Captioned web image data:
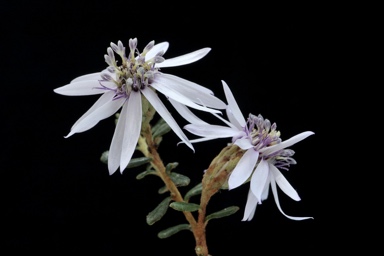 APII jpeg image of Olearia iodochroa  © contact APII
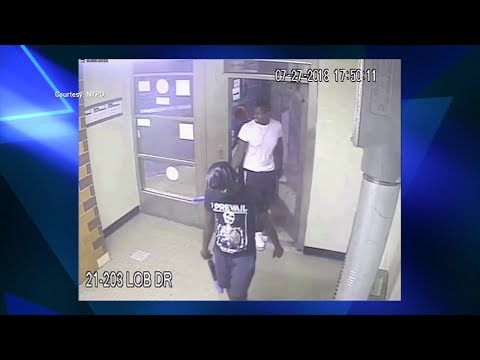 NYC Astoria Crime Spree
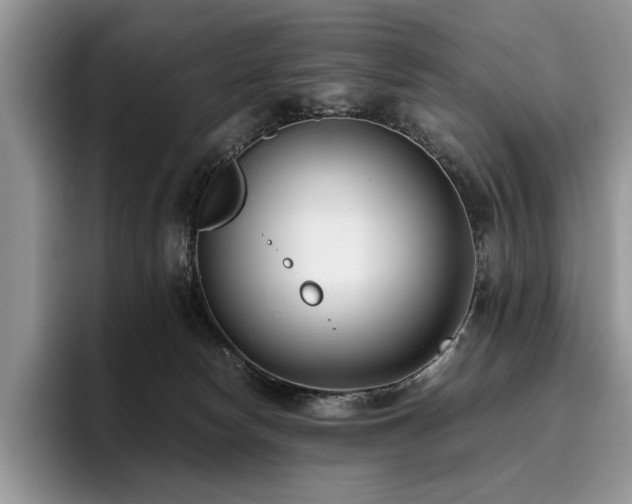 X0000096140178200801181140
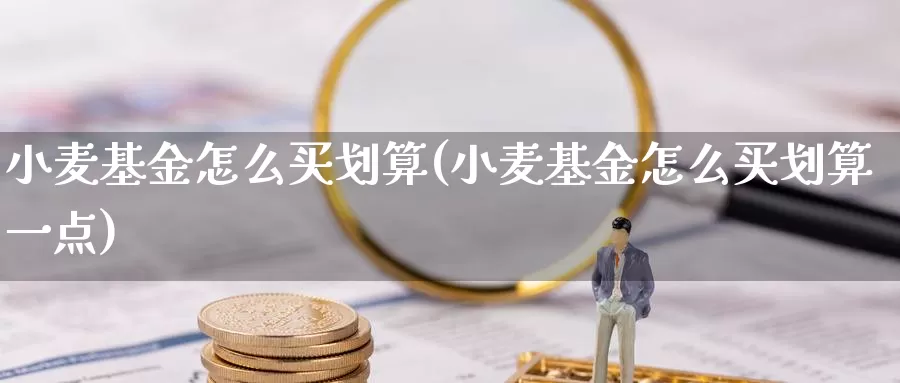 小麦基金怎么买划算(小麦基金怎么买划算一点)_https://www.zzcnk.com_基金_第1张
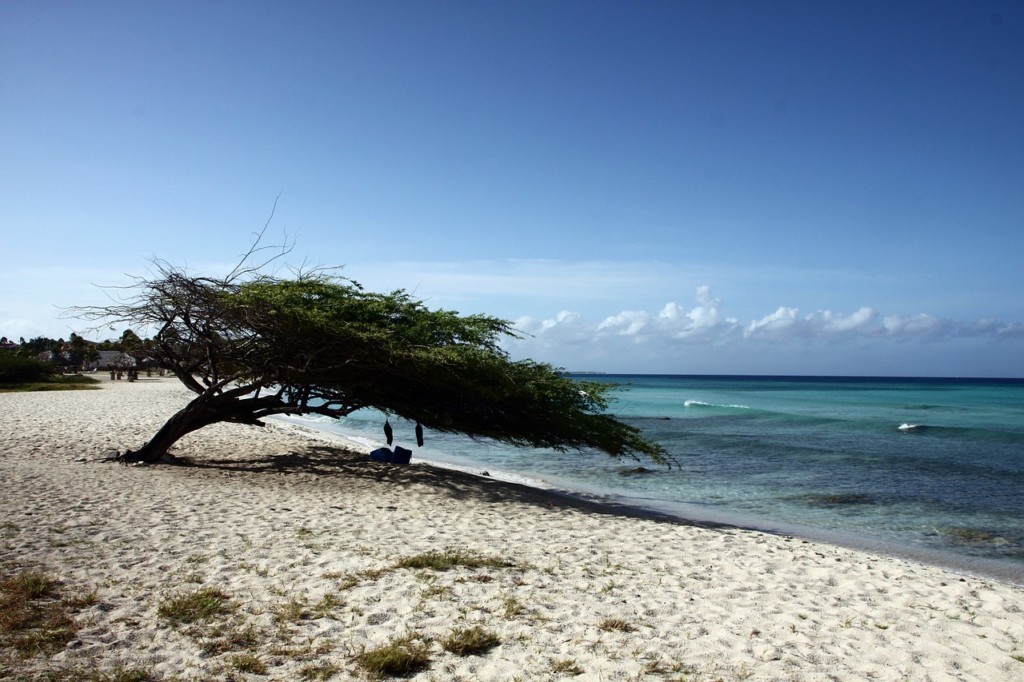 Leef! Aruba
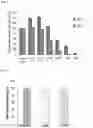 Fig. 04 - ANTIMICROBIAL TAILORED CHITOSAN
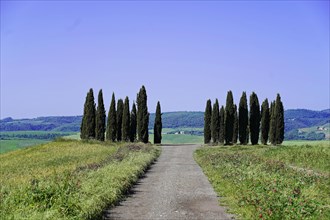 Landscape with cypresses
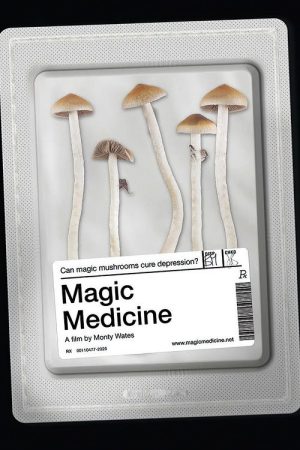 Magic Medicine (2018) poster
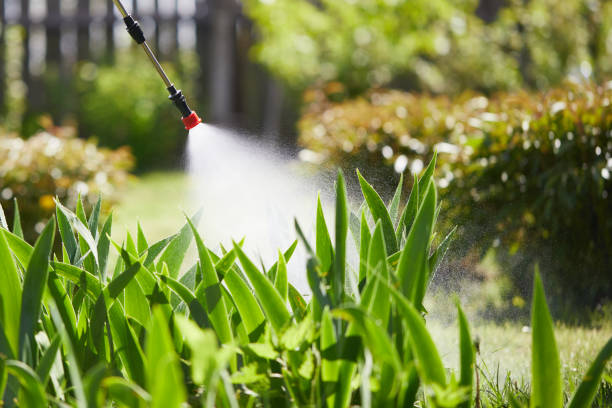 24/7 Emergency Ant Control experts in McConnellsburg, PA
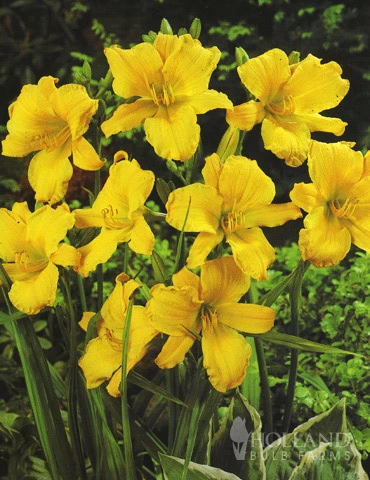 Menu Stella D' Oro Daylily Jumbo Pack 6 Menu Stella D' Oro Daylily Jumbo Pack - Image 4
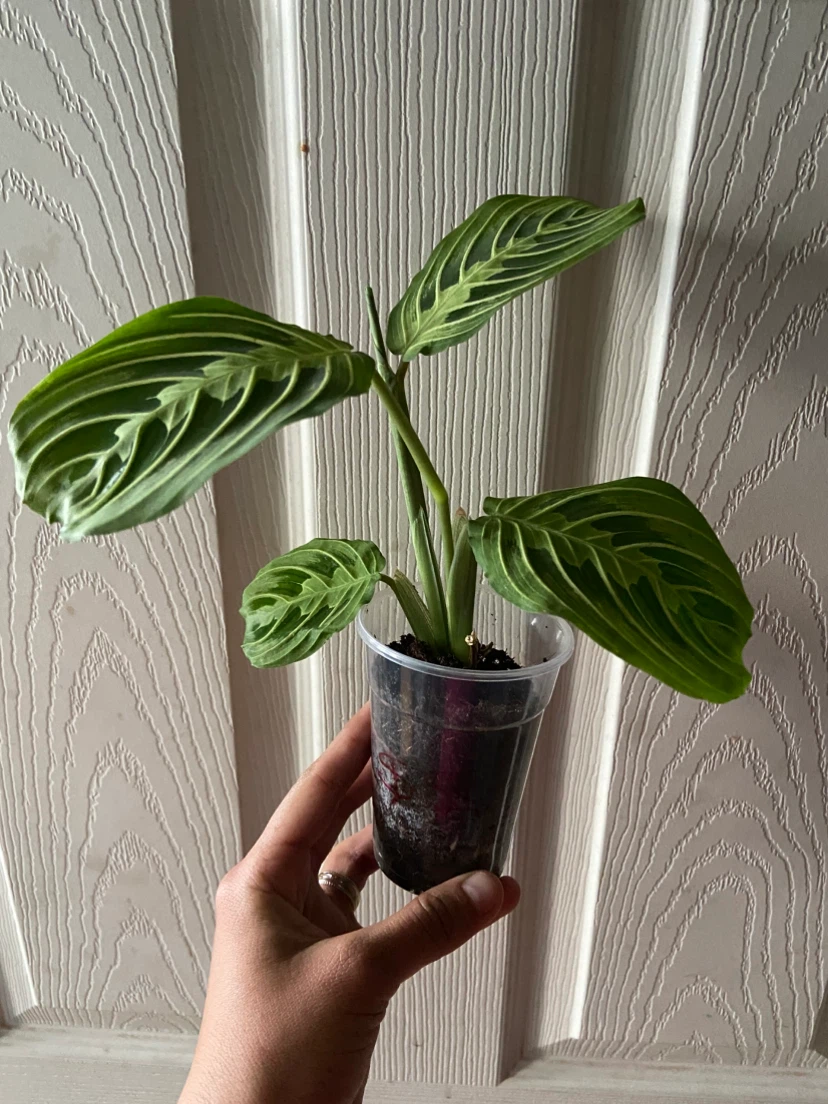 Indoor plant maranta Lemon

What you are asked to do: When you repeat the data, keep it exact and drop every picture.

Answer for this exercise:
 APII jpeg image of Olearia iodochroa  © contact APII
 NYC Astoria Crime Spree
 X0000096140178200801181140
 小麦基金怎么买划算(小麦基金怎么买划算一点)_https://www.zzcnk.com_基金_第1张
 Leef! Aruba
 Fig. 04 - ANTIMICROBIAL TAILORED CHITOSAN
 Landscape with cypresses
 Magic Medicine (2018) poster
 24/7 Emergency Ant Control experts in McConnellsburg, PA
 Menu Stella D' Oro Daylily Jumbo Pack 6 Menu Stella D' Oro Daylily Jumbo Pack - Image 4
 Indoor plant maranta Lemon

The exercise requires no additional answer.